“I know what it is to be terrified”: what inclusion advocate Claire Kearns would tell her teenage self

“I know what it is to be terrified and have limited options, seeing before you a lifetime of living on the periphery of society. If I could go back in time and talk to the homeless teenage me, living on the streets, the one thing I would say is that you will actually finally get an education.”

It hasn’t been an easy road for Master of International Relations student Claire Kearns. But the adversity she has experienced throughout her life is exactly what drives her to help others today.

As an advocate for inclusivity at La Trobe, Claire has been involved in a number of initiatives to improve the University experience for all who come after her.

“I believe that my University education has been a privilege that I must pay forward. I am one of 103 registered care leavers at La Trobe. With tens of thousands of students at the Uni, that means that I am one of a very, very slender minority. If I do not talk about some of the challenges I have faced, there are very few other people to stand up and do that.”

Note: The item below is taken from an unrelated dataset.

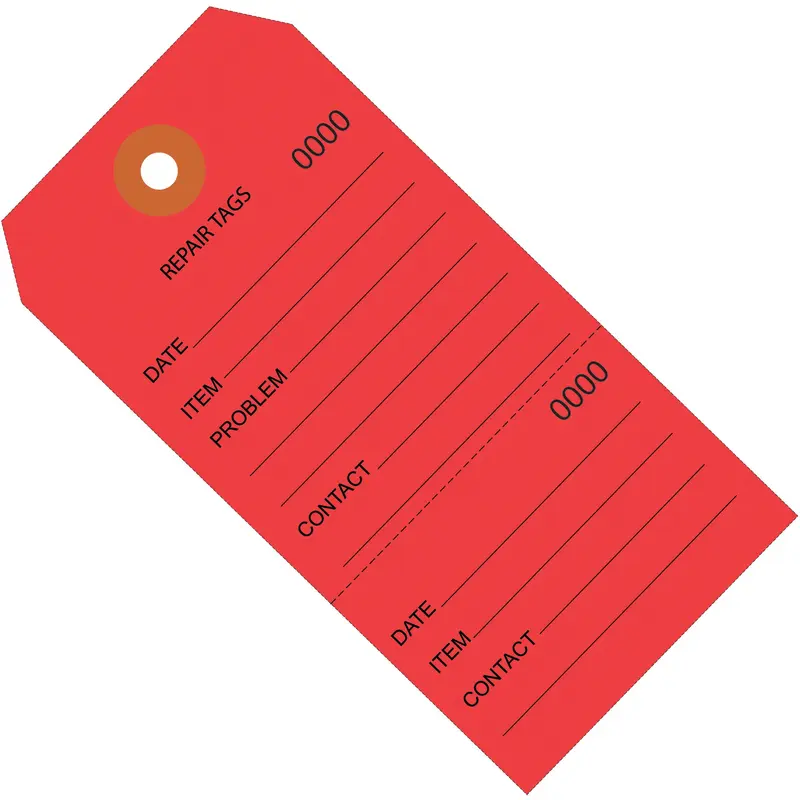 6 1/4 x 3 1/8" Red Repair Tags Consecutively Numbered (G26203) Case Of 1000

Three decades of change at La Trobe

Claire has been a student at La Trobe across three separate decades. She studied a Bachelor of Arts, Honours, and is now undertaking her Master of International Relations after previously completing a Graduate Certificate in the same discipline.

“In that time, I’ve seen a lot of changes,” said Claire. “I’ve watched the gardens grow, a new generation emerge and changes such as the photocopier room in the Library becoming a café, the international gardens being planted and now fully matured, and the introduction of typed assignments!”

Claire’s involvement with the La Trobe community began long ago, when the political climate of the 90s provoked her to take action. She joined Rabelais and the LTSU Women’s Department, which she says were “bad-ass in the 90s.”

Claire has seen a lot change over the decades at La Trobe.

Making things easier for the next generation

Claire is still involved in the La Trobe community and is determined to use her lived experience to benefit the lives of future students.

“Today, my involvement has really been out of sheer necessity,” she said. “I acquired a disability along the way and my main aim is to help improve inclusivity for all students.

“When I returned to study, I realised there were some issues in terms of enrolment, seeking support and various other mostly administrative issues. This prompted me to become involved, and I would hope to think that in my time here, I made it easier for students with a disability in the cohorts after mine.”

Claire has been a member of ASSC College’s Student Advisory Group (SAG) for almost five years now. She’s also the Social Media Coordinator for the Alumni Chapter of La Trobe’s Excellence Academy, of which she is also a member.

“I like to seize every opportunity thrown my way, so when I saw the Social Media Coordinator position come up, I knew I wanted to go for it,” said Claire. “It can be particularly isolating having a disability that affects my ability to physically appear in-person at events. So this position is great because it fits in with my health needs.”

Claire at an earlier graduation ceremony.

The footprint Claire wishes to leave at La Trobe is to help change every system she encounters that needs tweaking, by working closely with the University’s staff.

“Unless you walk in my shoes or those of someone experiencing similar challenges, I feel it’s likely some things may get missed,” said Claire. “This has meant that I have been a part of everything from Timetabling Feedback Sessions to the LMS Upgrade Feedback Group.

“After my Master’s finishes, my future undoubtedly involves La Trobe. I am not sure how just yet, but I have much more work to do here.

“One day my intention is – when I am in a position to do so – to create a bursary for a teenager stating out at La Trobe trying to get a better life. Just like I did.”